▶ [COLLECTED DATA]:
——

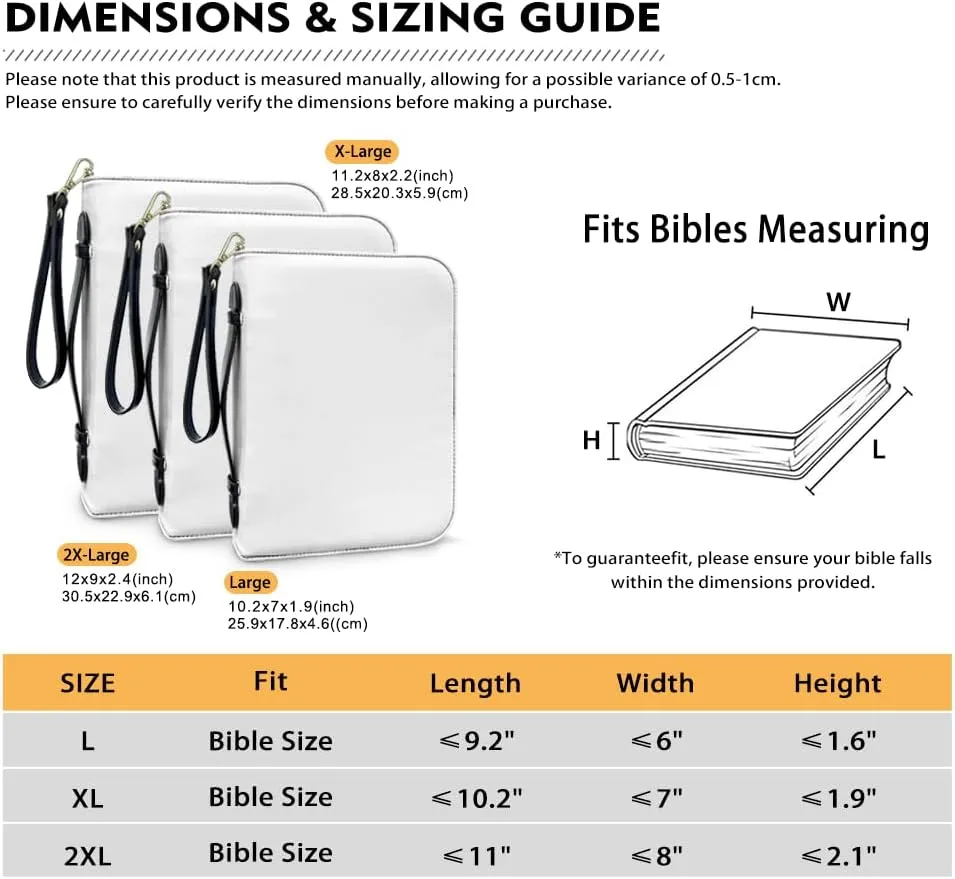 Bible Cover Case for Unisex Stylish Bible Bag with Detachable Black Ribbon Church Tote Bag Zippered Book Handbag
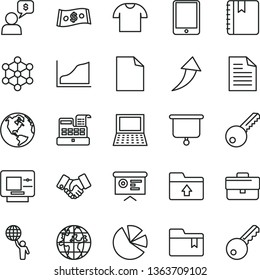 thin line vector icon set - briefcase vector, clean sheet of paper, scribbled, folder bookmark, upload, key, notebook, T shirt, planet, handclasp, dollar, pie charts, cash machine, financial report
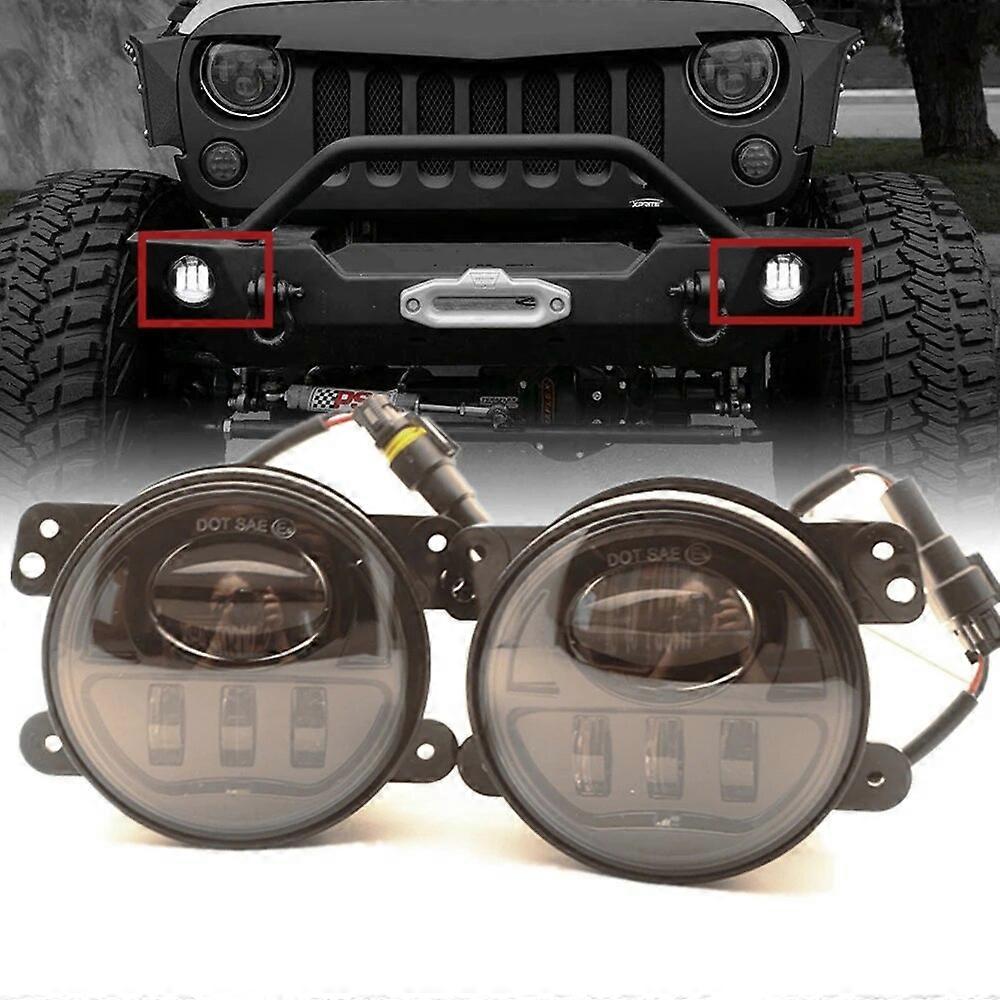 Car 4 Inch LED Fog Lights for 07-18 Jeep Wrangler JK Unlimited JKU Front Bumper Replacements White Led Offroad Foglights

——

▶ [TO DO]: Return the listing above unaltered, omitting its pictures.

▶ [EXERCISE RESULT]:
 Bible Cover Case for Unisex Stylish Bible Bag with Detachable Black Ribbon Church Tote Bag Zippered Book Handbag
 thin line vector icon set - briefcase vector, clean sheet of paper, scribbled, folder bookmark, upload, key, notebook, T shirt, planet, handclasp, dollar, pie charts, cash machine, financial report
 Car 4 Inch LED Fog Lights for 07-18 Jeep Wrangler JK Unlimited JKU Front Bumper Replacements White Led Offroad Foglights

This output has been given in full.